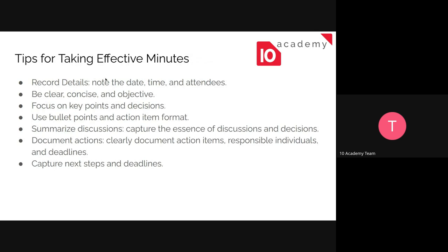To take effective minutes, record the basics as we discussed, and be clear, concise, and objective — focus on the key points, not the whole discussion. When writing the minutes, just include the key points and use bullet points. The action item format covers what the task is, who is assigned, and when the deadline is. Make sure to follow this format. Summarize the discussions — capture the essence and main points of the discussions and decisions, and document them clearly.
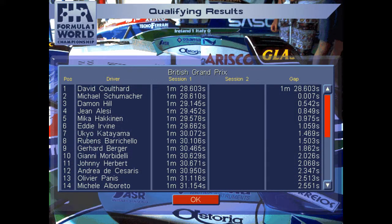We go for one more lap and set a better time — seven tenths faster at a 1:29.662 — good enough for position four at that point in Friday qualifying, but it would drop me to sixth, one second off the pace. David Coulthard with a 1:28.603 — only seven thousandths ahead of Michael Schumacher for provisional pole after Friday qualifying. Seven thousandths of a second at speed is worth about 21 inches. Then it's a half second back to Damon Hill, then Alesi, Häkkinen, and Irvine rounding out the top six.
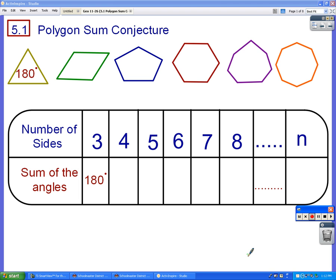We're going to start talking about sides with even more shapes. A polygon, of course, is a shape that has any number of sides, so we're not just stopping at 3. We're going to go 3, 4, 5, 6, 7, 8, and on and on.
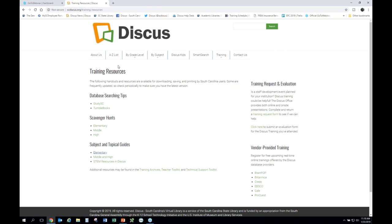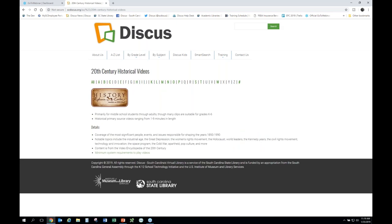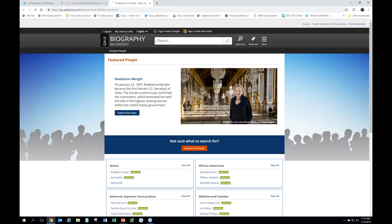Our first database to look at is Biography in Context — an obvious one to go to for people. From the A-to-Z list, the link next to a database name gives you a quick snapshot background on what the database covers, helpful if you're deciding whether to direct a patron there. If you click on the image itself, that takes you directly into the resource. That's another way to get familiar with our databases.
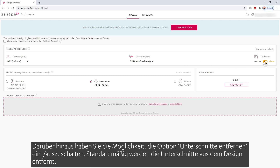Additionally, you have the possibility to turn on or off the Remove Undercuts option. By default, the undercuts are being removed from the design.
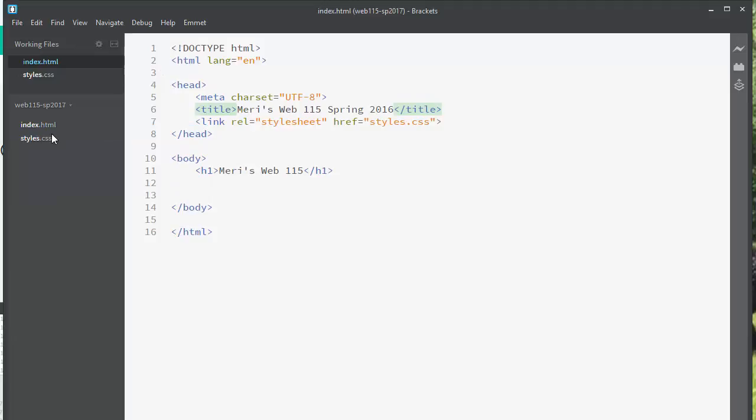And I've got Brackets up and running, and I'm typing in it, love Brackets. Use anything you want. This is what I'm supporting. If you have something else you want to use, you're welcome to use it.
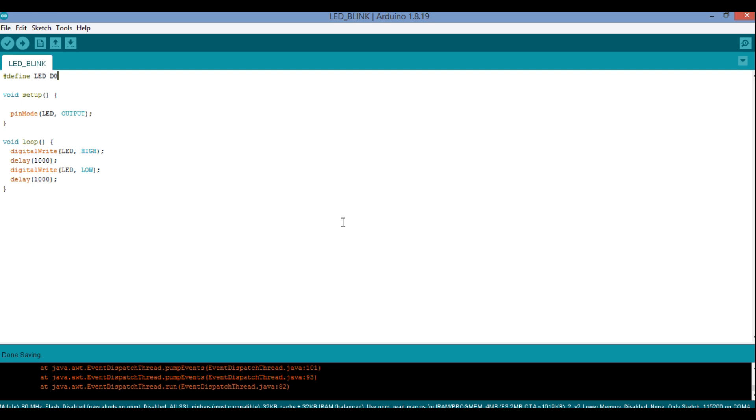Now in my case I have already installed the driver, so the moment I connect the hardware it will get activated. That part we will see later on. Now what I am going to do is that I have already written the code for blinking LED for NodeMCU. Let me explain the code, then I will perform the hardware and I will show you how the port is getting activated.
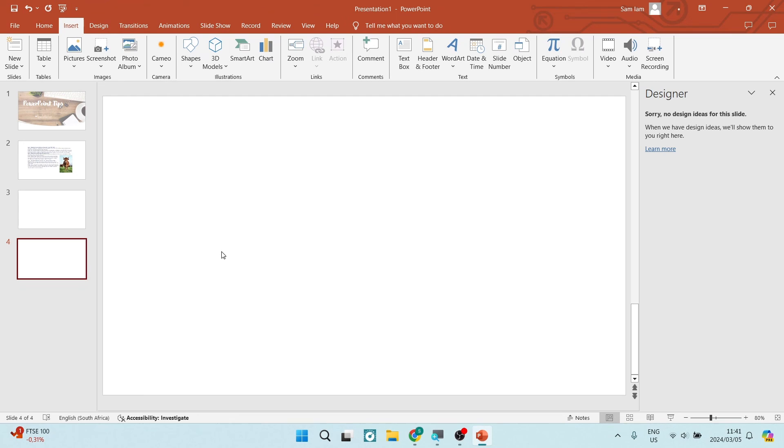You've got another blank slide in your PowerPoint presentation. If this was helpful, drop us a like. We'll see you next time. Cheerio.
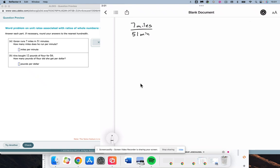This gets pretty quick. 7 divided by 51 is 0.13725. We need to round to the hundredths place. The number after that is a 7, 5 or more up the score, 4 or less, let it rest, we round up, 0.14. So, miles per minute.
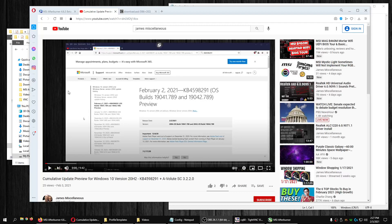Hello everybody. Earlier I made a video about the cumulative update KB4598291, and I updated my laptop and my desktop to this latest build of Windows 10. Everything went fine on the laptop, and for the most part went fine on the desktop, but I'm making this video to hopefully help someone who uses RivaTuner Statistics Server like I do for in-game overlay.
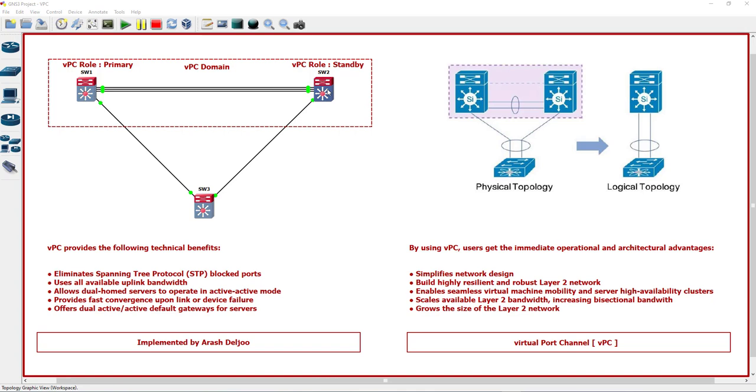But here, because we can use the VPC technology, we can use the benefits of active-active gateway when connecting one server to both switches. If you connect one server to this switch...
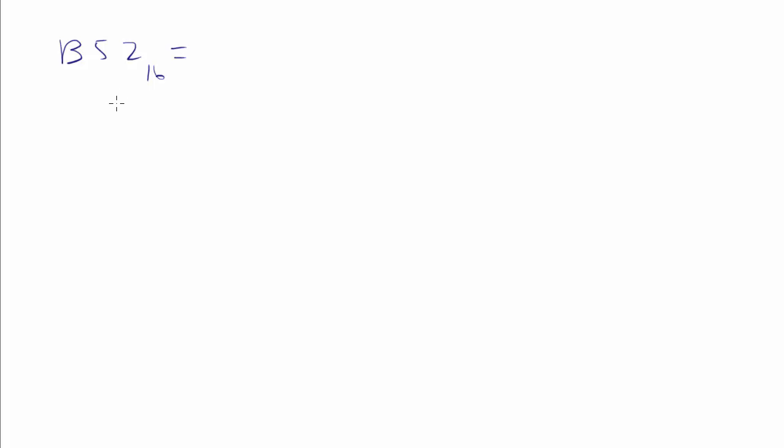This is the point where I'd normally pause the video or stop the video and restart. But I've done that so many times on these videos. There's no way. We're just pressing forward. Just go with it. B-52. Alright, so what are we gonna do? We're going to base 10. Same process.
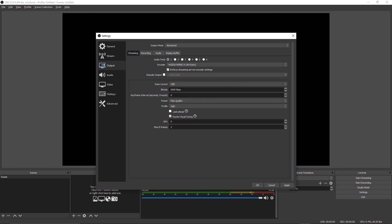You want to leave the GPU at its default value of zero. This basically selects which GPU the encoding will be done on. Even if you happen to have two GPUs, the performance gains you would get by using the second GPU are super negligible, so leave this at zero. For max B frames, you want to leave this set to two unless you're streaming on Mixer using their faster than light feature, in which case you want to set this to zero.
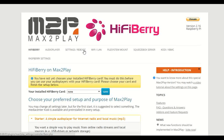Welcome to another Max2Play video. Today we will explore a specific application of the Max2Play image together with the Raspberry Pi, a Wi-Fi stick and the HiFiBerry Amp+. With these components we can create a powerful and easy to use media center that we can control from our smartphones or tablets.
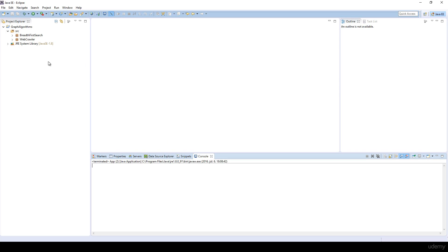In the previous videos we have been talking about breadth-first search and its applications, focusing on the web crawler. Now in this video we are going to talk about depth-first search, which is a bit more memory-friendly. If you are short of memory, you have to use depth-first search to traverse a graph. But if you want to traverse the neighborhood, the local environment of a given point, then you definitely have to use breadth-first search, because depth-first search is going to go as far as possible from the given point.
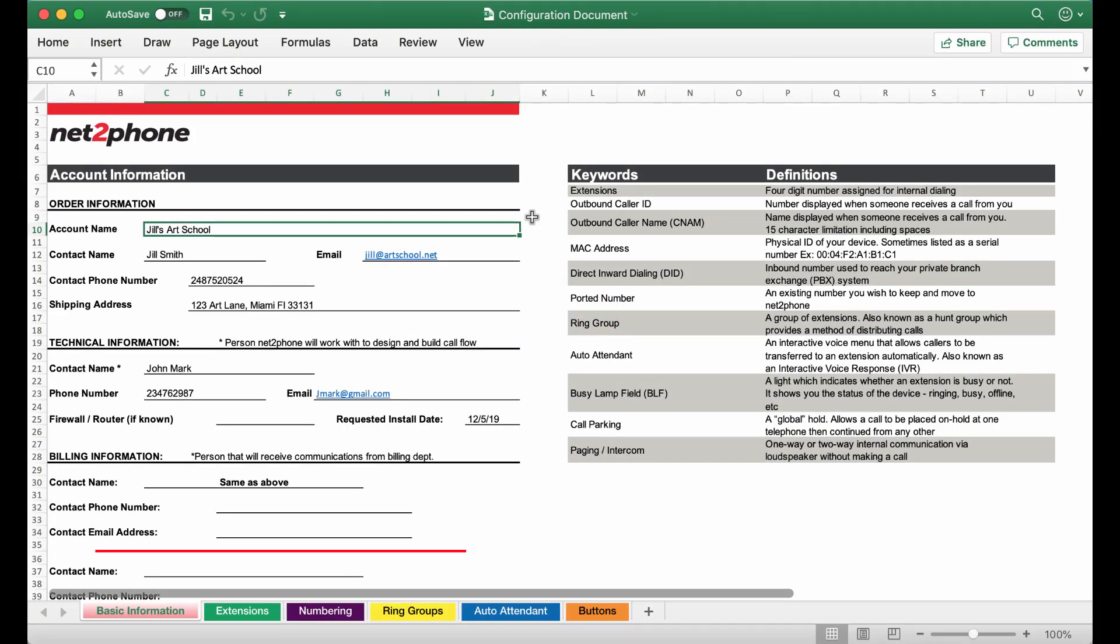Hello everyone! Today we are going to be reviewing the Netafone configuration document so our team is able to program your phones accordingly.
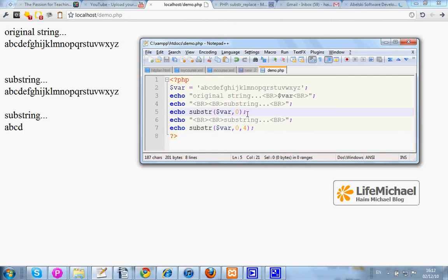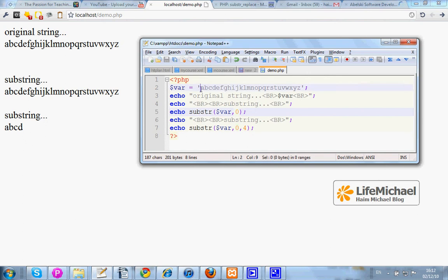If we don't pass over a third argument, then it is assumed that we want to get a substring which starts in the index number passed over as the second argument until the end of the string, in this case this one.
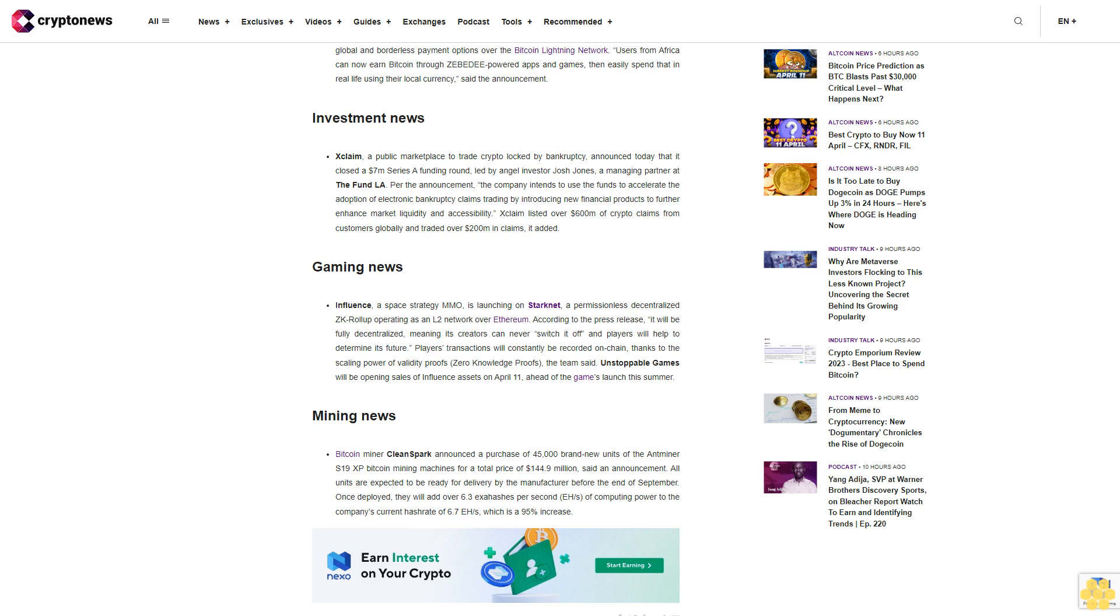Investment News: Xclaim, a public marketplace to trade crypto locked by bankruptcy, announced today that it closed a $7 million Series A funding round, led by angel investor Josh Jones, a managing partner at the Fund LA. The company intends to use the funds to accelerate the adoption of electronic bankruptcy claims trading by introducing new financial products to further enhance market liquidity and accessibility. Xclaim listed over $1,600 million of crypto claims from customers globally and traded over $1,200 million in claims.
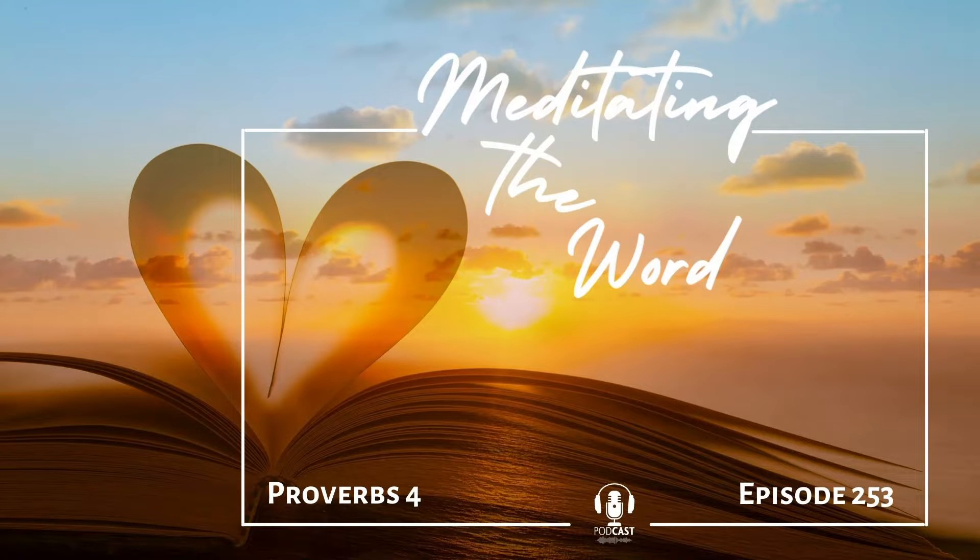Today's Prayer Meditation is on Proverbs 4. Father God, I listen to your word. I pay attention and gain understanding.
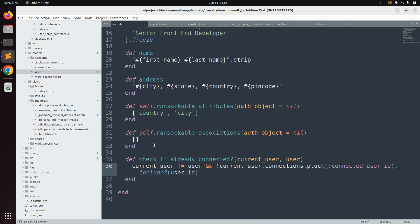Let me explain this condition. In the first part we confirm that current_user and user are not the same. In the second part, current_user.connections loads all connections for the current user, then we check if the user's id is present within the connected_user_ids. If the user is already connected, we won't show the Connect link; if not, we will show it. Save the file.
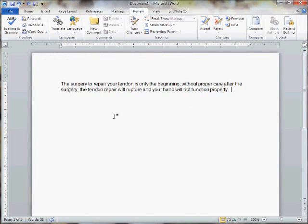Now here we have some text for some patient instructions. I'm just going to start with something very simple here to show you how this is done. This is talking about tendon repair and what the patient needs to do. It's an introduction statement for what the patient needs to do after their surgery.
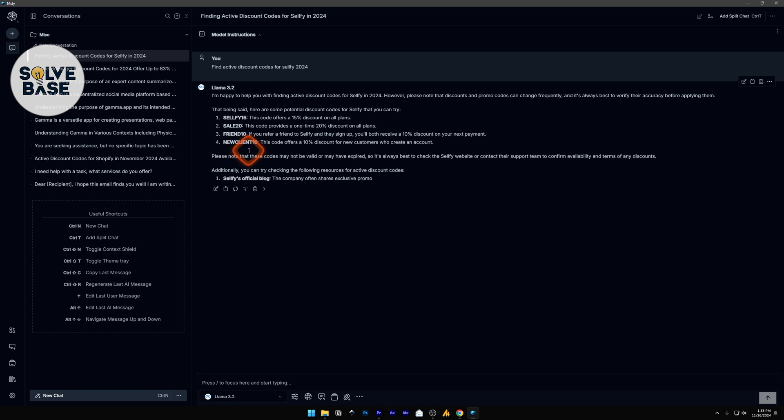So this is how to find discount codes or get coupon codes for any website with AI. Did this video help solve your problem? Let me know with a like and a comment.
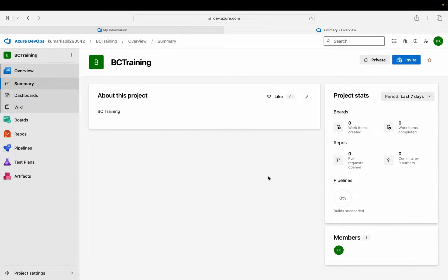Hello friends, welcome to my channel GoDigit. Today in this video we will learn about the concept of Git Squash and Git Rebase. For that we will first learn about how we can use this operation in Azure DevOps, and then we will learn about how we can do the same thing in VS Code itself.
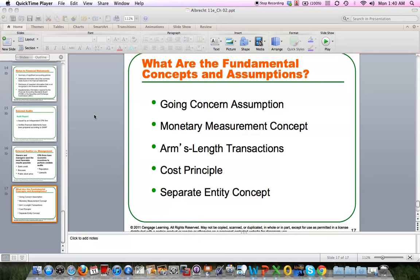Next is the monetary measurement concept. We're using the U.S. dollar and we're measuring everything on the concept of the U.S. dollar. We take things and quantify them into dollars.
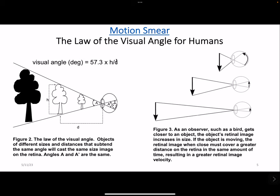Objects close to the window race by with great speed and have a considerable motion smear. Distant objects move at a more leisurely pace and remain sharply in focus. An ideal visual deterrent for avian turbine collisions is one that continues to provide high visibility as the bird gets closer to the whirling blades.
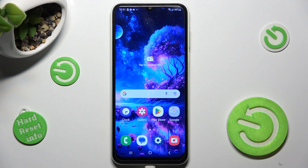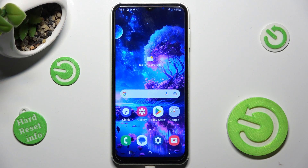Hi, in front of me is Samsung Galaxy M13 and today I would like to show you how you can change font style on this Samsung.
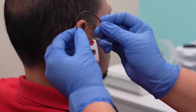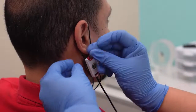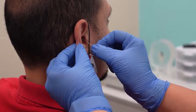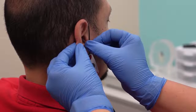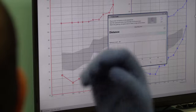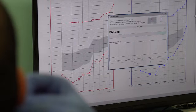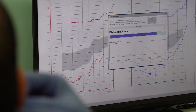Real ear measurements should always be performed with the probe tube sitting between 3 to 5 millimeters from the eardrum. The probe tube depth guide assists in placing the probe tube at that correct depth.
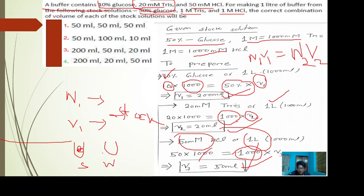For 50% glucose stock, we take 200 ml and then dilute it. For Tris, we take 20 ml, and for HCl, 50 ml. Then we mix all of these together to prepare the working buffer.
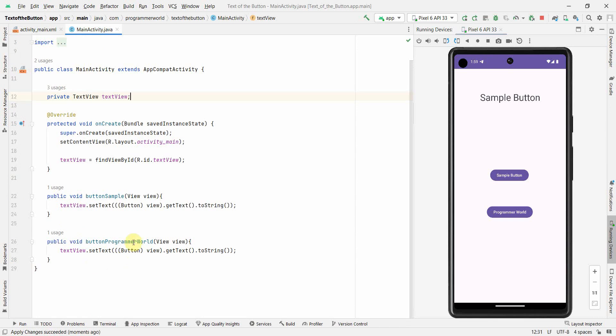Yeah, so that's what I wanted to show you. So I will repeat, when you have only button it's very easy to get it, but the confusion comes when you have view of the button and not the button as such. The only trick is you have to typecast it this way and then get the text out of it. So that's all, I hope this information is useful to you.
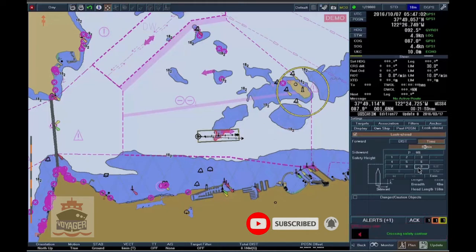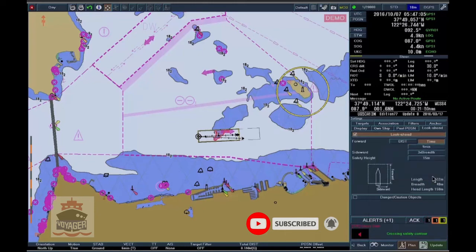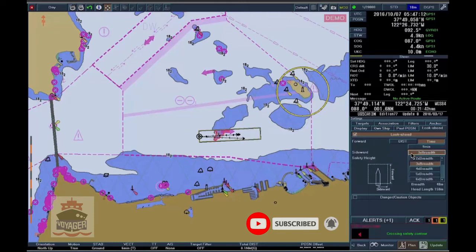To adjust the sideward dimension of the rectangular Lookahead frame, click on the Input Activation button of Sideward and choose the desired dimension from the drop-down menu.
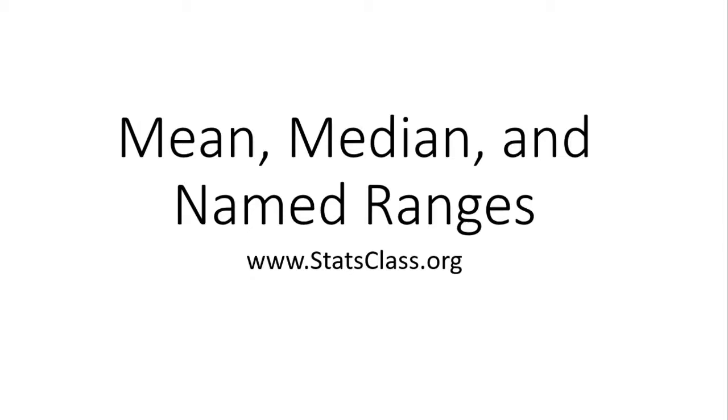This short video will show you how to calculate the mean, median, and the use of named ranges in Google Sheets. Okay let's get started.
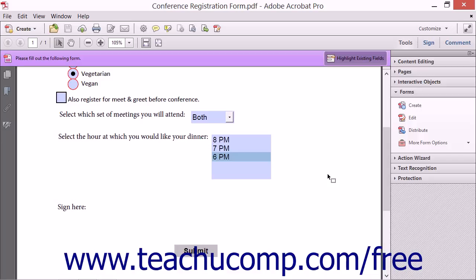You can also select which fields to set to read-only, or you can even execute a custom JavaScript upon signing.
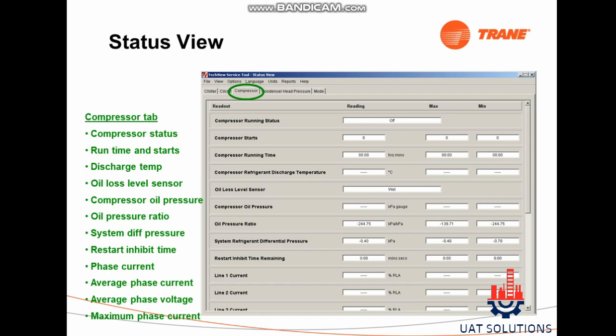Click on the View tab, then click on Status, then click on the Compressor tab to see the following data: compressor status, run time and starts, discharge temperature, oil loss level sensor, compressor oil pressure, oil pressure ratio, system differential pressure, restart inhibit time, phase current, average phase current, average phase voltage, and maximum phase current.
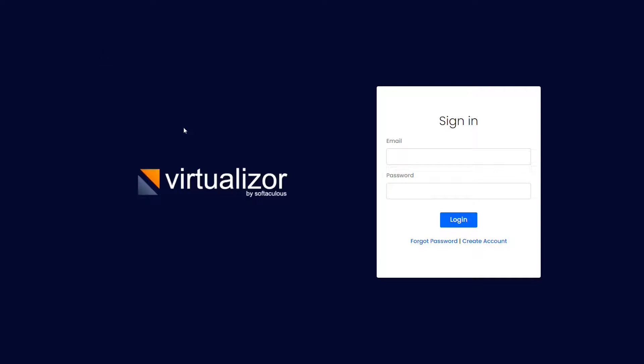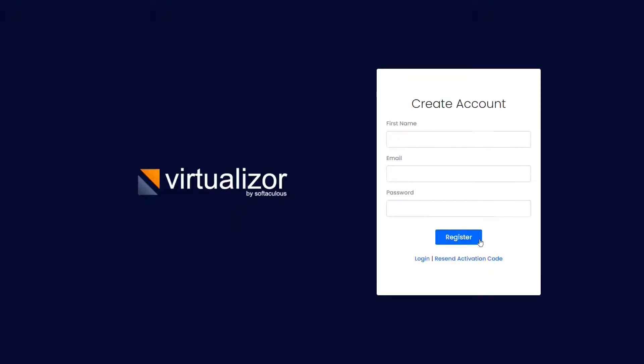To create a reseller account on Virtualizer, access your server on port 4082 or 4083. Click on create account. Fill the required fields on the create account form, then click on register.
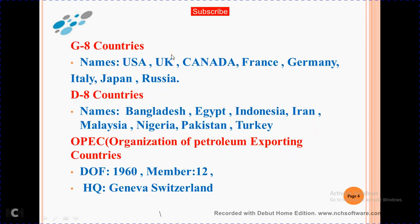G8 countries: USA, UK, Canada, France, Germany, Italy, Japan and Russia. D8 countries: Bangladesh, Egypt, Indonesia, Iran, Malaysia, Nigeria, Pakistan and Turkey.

WORK ORDER - Using the entries above, reproduce word for word only the lines from the one that contains "Now here we" to the one that contains "So this is how", both ends included, and drop every picture.

OUTPUT OF THE EXERCISE -
Now here we have some text for some patient instructions. I'm just going to start with something very simple here to show you how this is done. This is talking about tendon repair and what the patient needs to do. It's an introduction statement for what the patient needs to do after their surgery.
So this is how to find discount codes or get coupon codes for any website with AI. Did this video help solve your problem? Let me know with a like and a comment.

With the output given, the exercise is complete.